Task directions
Copy all the entries below exactly, but not the pictures.

Supplied records
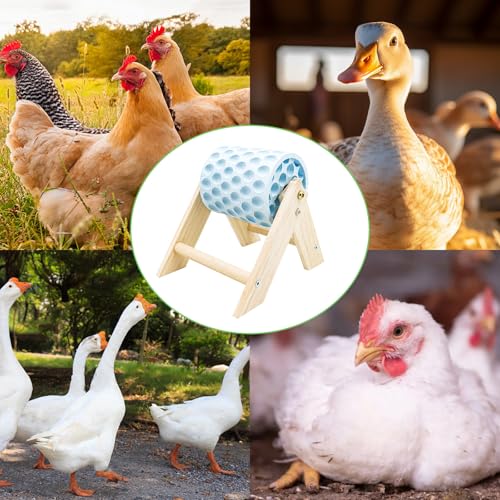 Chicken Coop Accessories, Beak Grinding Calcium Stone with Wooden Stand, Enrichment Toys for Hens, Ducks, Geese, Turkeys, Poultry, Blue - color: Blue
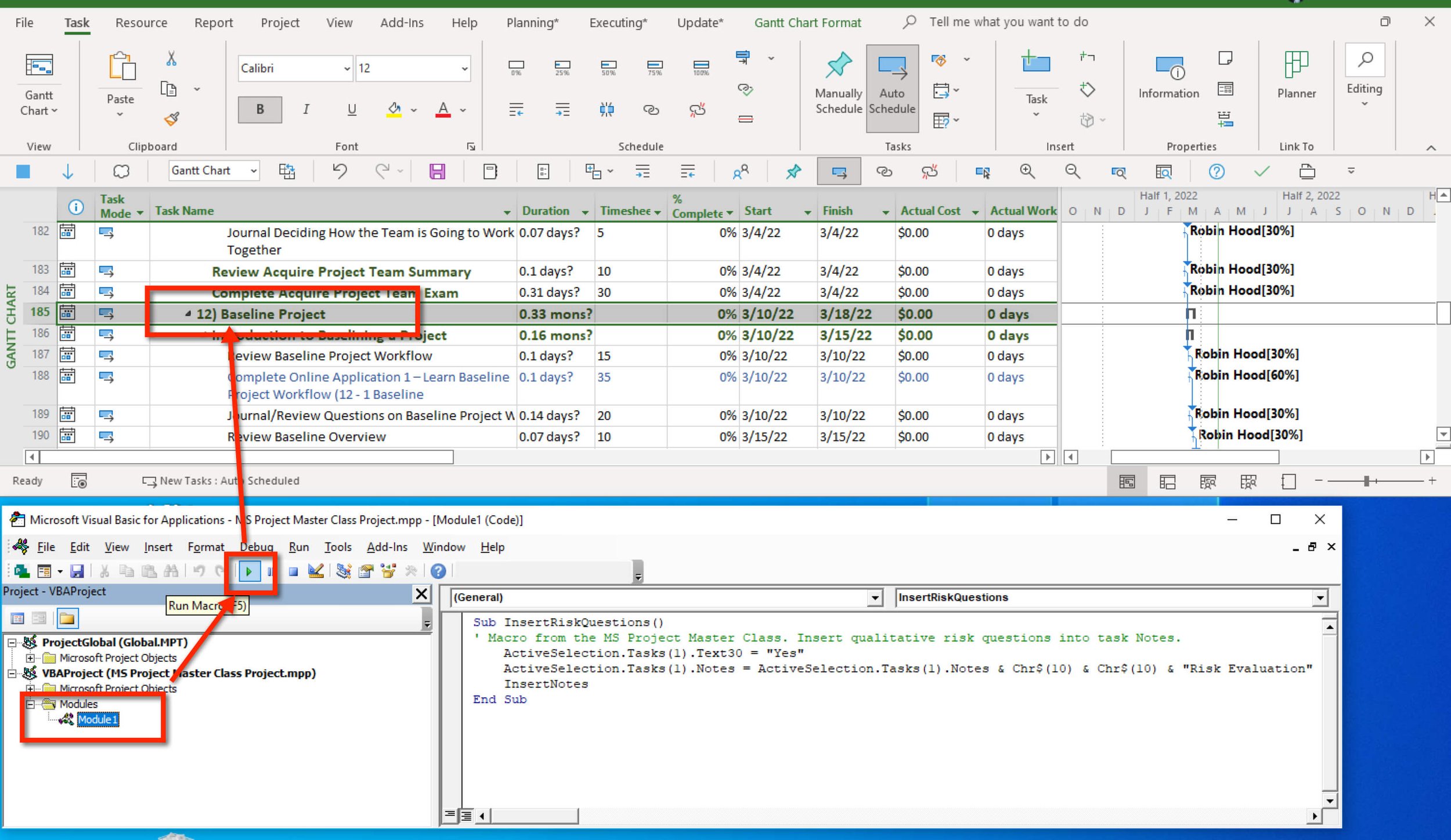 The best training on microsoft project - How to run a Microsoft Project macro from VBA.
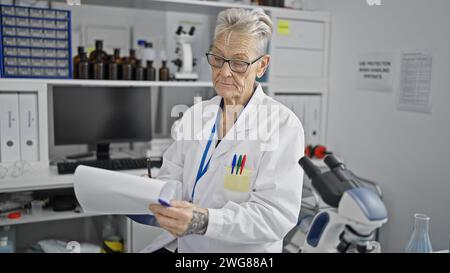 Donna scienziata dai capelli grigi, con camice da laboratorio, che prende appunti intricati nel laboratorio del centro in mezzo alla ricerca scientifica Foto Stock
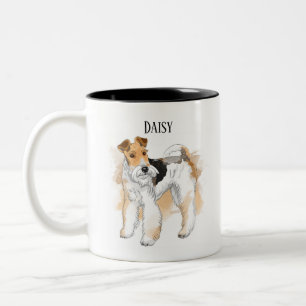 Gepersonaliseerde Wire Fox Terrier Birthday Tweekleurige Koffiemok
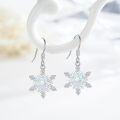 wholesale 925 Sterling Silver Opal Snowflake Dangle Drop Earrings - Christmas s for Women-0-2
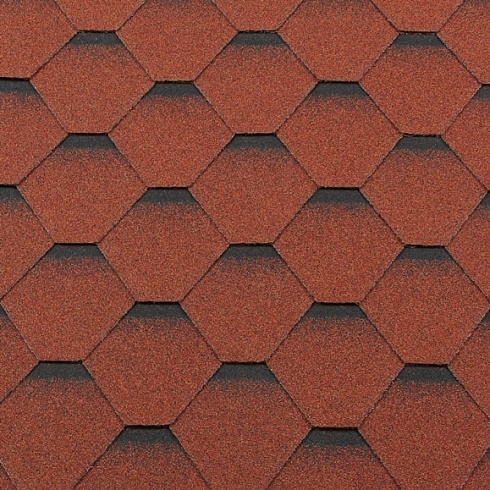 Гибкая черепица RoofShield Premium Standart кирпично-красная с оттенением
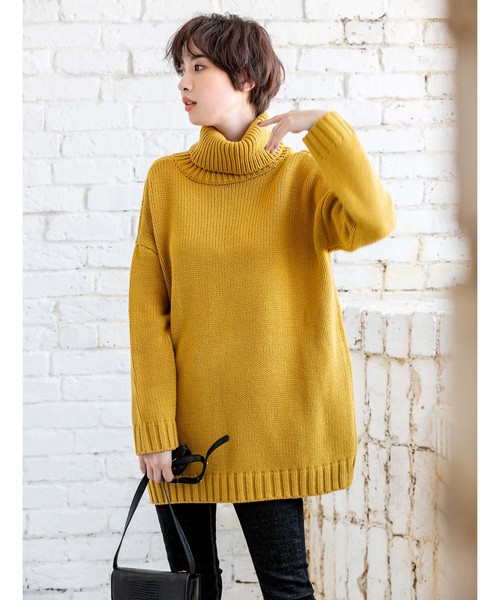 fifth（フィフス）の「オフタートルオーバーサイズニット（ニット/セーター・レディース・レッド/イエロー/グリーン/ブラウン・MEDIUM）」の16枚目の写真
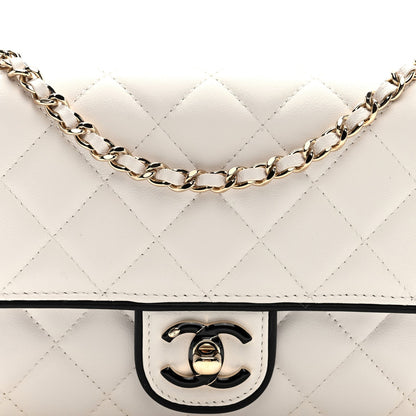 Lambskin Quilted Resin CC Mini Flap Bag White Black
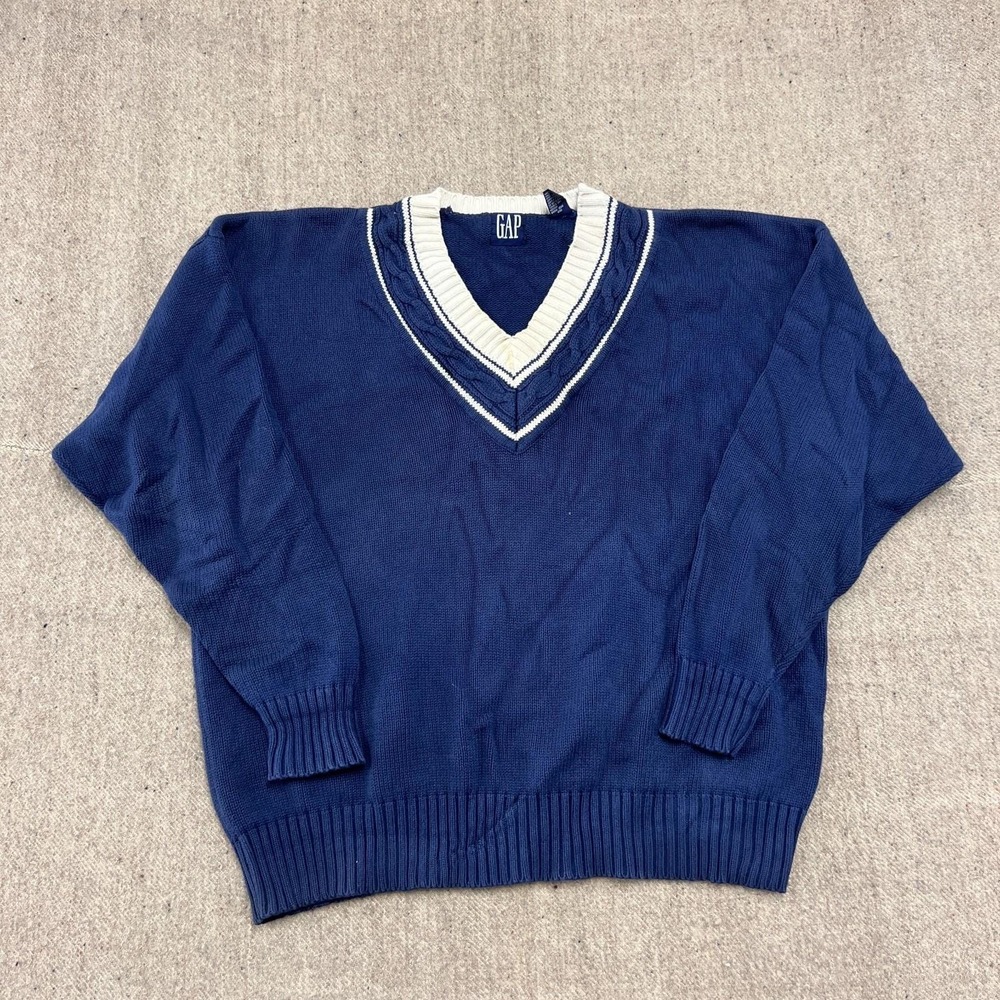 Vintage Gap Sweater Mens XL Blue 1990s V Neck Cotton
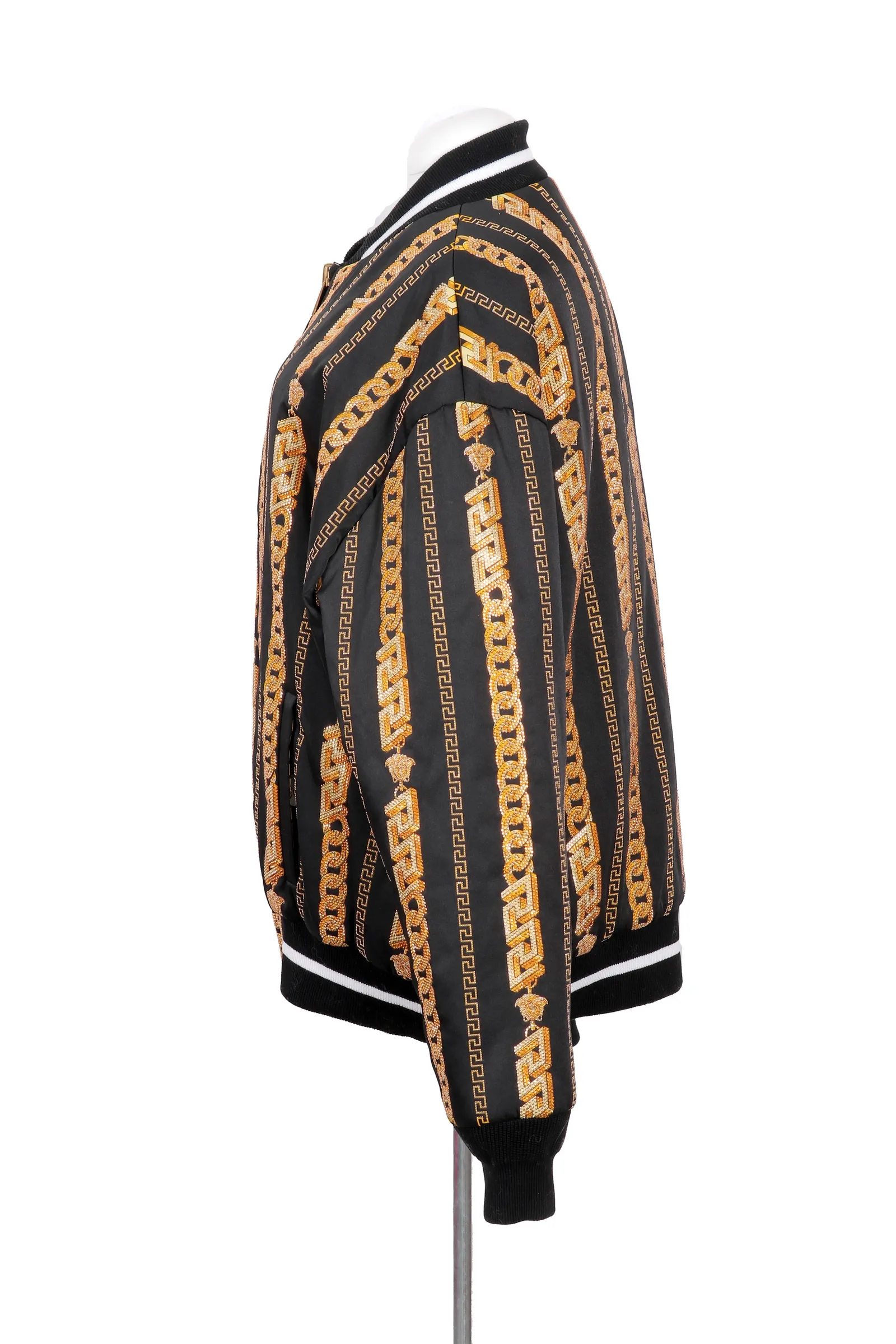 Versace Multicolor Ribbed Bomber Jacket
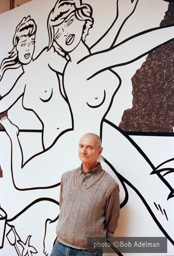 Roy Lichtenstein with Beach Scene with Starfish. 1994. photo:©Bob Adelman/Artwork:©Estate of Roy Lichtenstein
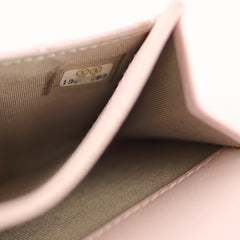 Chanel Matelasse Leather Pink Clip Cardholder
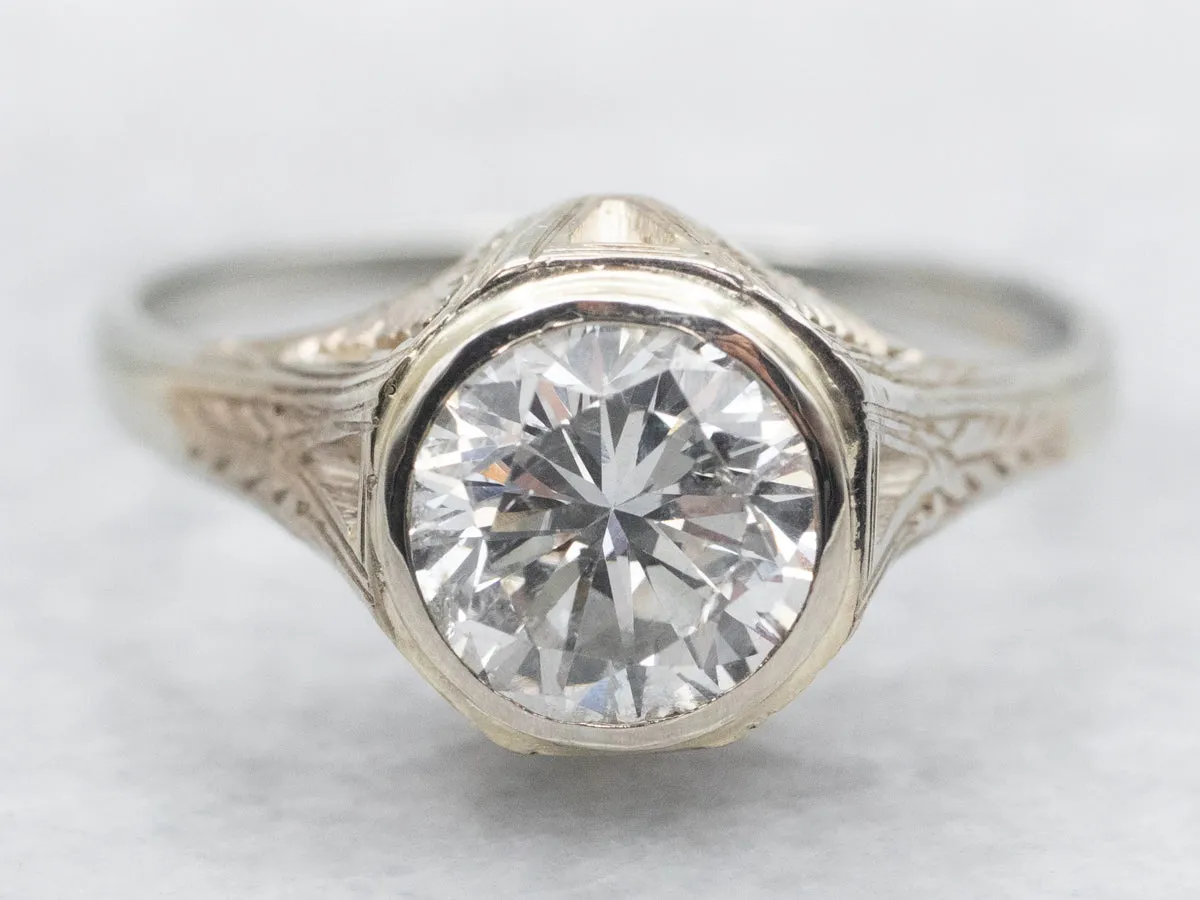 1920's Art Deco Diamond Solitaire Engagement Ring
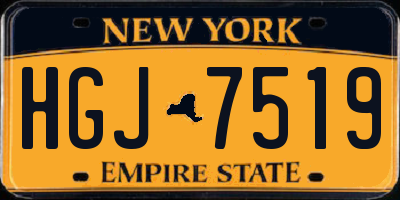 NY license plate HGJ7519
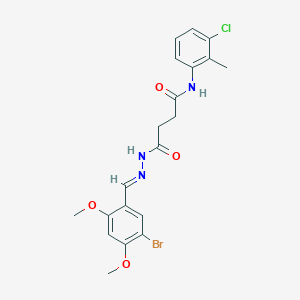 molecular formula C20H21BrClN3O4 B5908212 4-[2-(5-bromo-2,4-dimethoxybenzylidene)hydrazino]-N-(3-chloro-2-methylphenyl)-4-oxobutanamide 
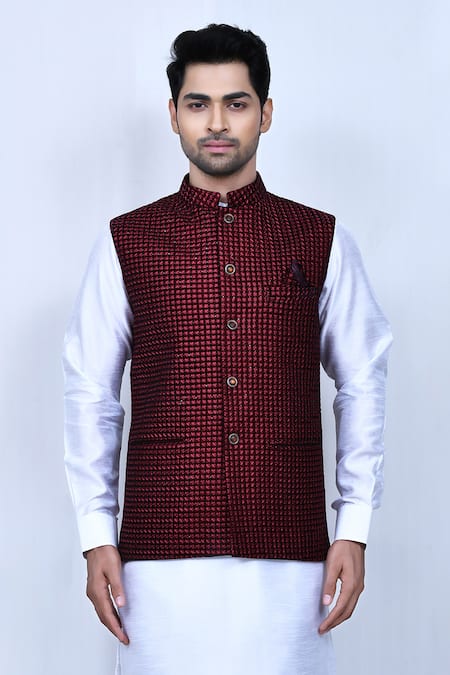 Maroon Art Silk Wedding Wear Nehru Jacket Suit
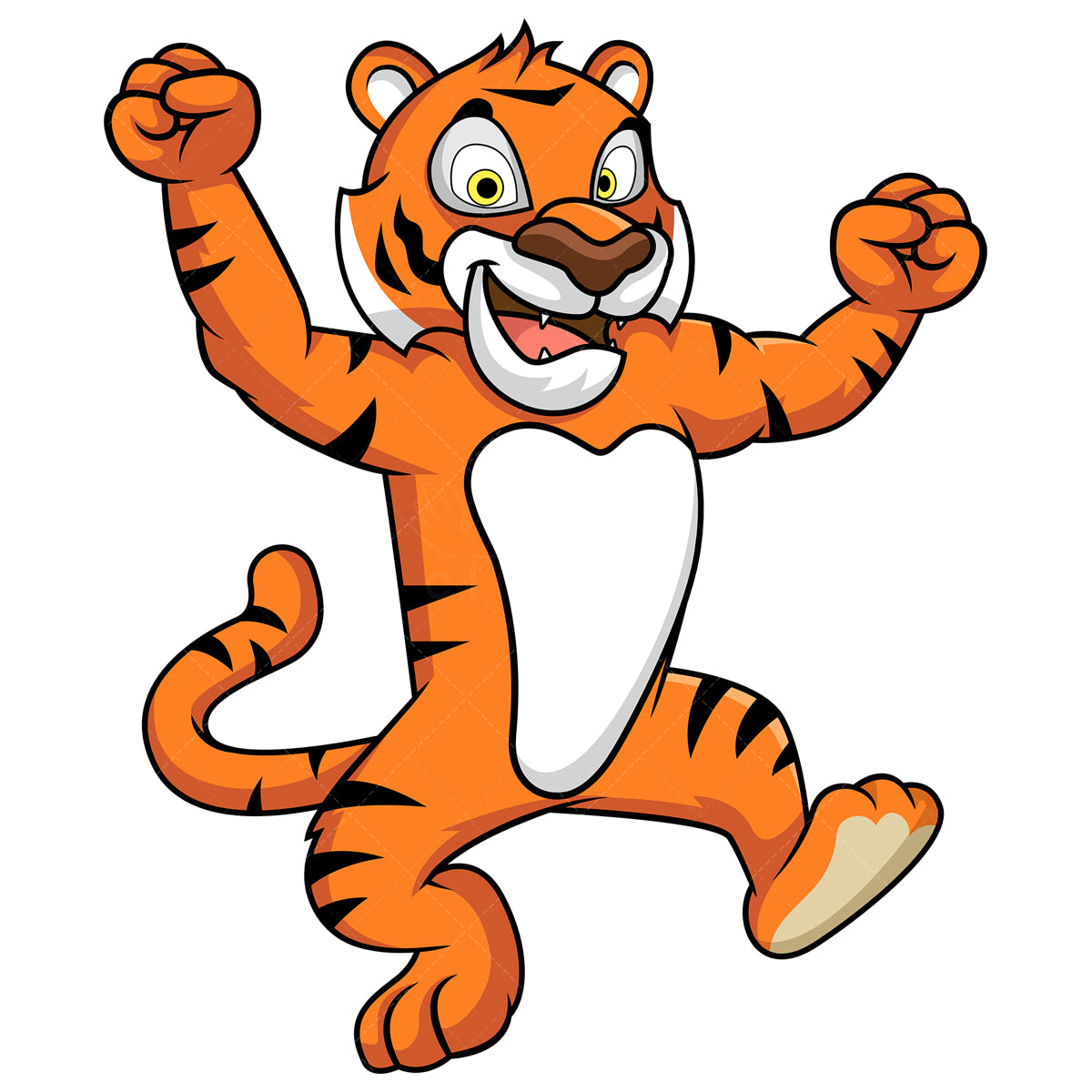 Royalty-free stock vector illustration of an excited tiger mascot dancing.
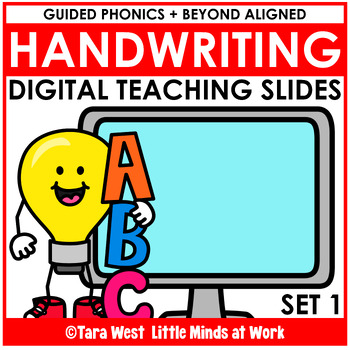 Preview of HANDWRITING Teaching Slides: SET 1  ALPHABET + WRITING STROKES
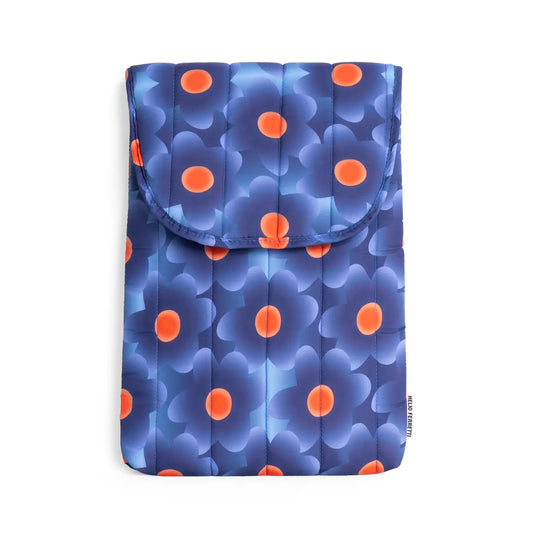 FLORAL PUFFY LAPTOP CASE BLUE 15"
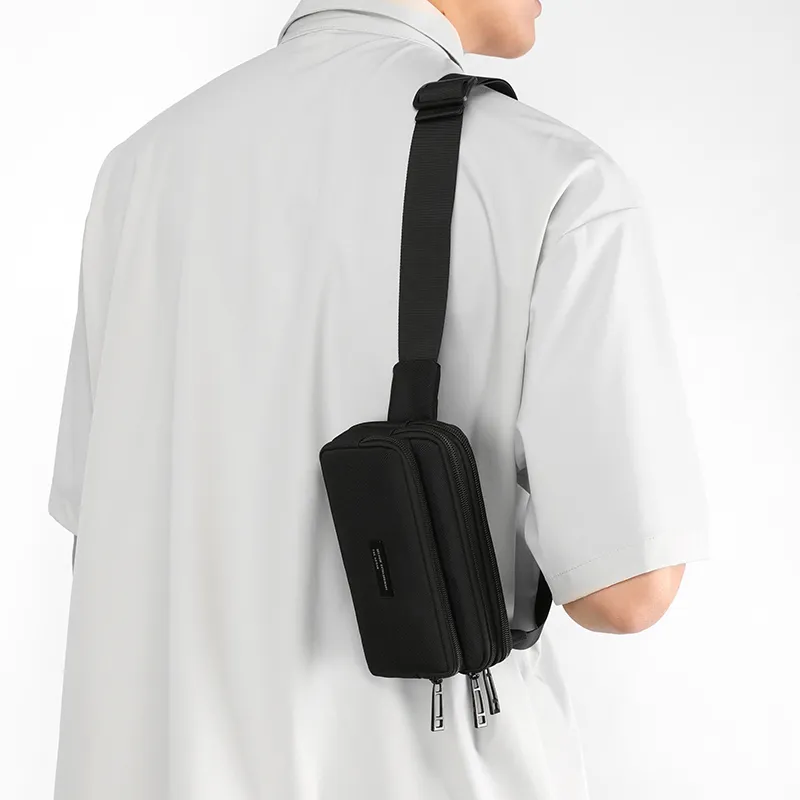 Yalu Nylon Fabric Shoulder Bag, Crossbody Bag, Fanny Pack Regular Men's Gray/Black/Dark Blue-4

Your response
 Chicken Coop Accessories, Beak Grinding Calcium Stone with Wooden Stand, Enrichment Toys for Hens, Ducks, Geese, Turkeys, Poultry, Blue - color: Blue
 The best training on microsoft project - How to run a Microsoft Project macro from VBA.
 Donna scienziata dai capelli grigi, con camice da laboratorio, che prende appunti intricati nel laboratorio del centro in mezzo alla ricerca scientifica Foto Stock
 Gepersonaliseerde Wire Fox Terrier Birthday Tweekleurige Koffiemok
 wholesale 925 Sterling Silver Opal Snowflake Dangle Drop Earrings - Christmas s for Women-0-2
 Гибкая черепица RoofShield Premium Standart кирпично-красная с оттенением
 fifth（フィフス）の「オフタートルオーバーサイズニット（ニット/セーター・レディース・レッド/イエロー/グリーン/ブラウン・MEDIUM）」の16枚目の写真
 Lambskin Quilted Resin CC Mini Flap Bag White Black
 Vintage Gap Sweater Mens XL Blue 1990s V Neck Cotton
 Versace Multicolor Ribbed Bomber Jacket
 Roy Lichtenstein with Beach Scene with Starfish. 1994. photo:©Bob Adelman/Artwork:©Estate of Roy Lichtenstein
 Chanel Matelasse Leather Pink Clip Cardholder
 1920's Art Deco Diamond Solitaire Engagement Ring
 NY license plate HGJ7519
 molecular formula C20H21BrClN3O4 B5908212 4-[2-(5-bromo-2,4-dimethoxybenzylidene)hydrazino]-N-(3-chloro-2-methylphenyl)-4-oxobutanamide 
 Maroon Art Silk Wedding Wear Nehru Jacket Suit
 Royalty-free stock vector illustration of an excited tiger mascot dancing.
 Preview of HANDWRITING Teaching Slides: SET 1  ALPHABET + WRITING STROKES
 FLORAL PUFFY LAPTOP CASE BLUE 15"
 Yalu Nylon Fabric Shoulder Bag, Crossbody Bag, Fanny Pack Regular Men's Gray/Black/Dark Blue-4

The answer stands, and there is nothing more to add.